I avoid using the word “victim” when writing or speaking. I use the word “survivor,” the word the #MeToo movement wants me to use, because I want the movement to succeed. Common language is important to unification, to a consistent message —but when I’m alone with myself, I know my truth. I am a victim of a heinous crime. Yes, I survived, but mostly I wish I did not have to spend time worrying about verbiage.
We need to get to a place where language can be more nuanced, more telling, more personal. We need to be able to speak our truths however we want to articulate them, to fully own our stories, and not just donate them to the cause.
I don’t have the answer or right ‘label’ for where I am now. To adequately describe how far I’ve travelled in the last (almost) 6 years. To describe how much of an impact Poppy has made on my life in the last few months.
Calling myself a rebel is hardly the answer – it’s hardly nuanced but it does make my heart sing!
And in that absence I will always choose the idea of being a rebel. A rebel with a poet’s heart. Because writing helps me face some of this unravelling and rebuilding, with a kinder heart and a hope that this world will face its ugliness by listening to stories like mine.

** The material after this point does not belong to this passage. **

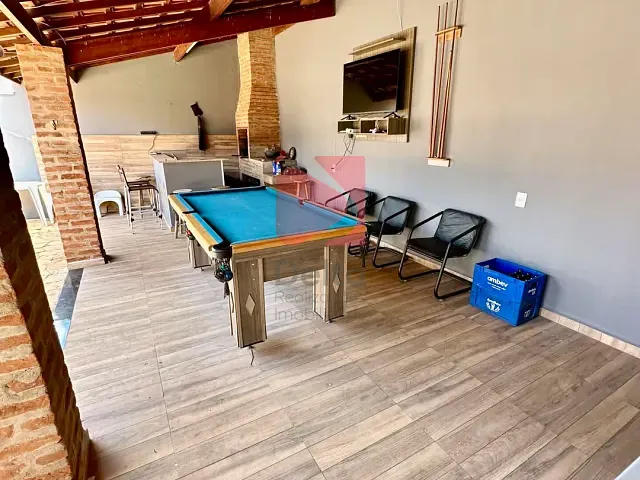 Casa 3 quartos e 3 banheiros, à venda, no bairro Jardim Itália em Pirassununga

So here is a toast to all the dried ink of all the versions of myself I’ve been:
“Tina” “Victim” “Survivor” “Rebel” — to all the things I’ve failed at to get here, all the wounds I’ve tried to run away from and then begrudgingly faced— a daily struggle to push until they dissolve into a display of colour. In my dreams, I blow it all away with my dragon’s breath like ash – all of my history. But then, when my eyelids flicker open and I have to choose again to get up. This is not a dream. My body has been a battlefield. It’s a long journey. This transforming into a rebel.
I thought I’d never get here.
I never thought anyone could travel this with me.
But I was wrong.
Poppy does. Everyday. Even on the days I don’t win and curl back up into bed. She is there. Loving, watching, creating havoc, forcing me to live in the present and not in the past where my PTSD wants to take hold.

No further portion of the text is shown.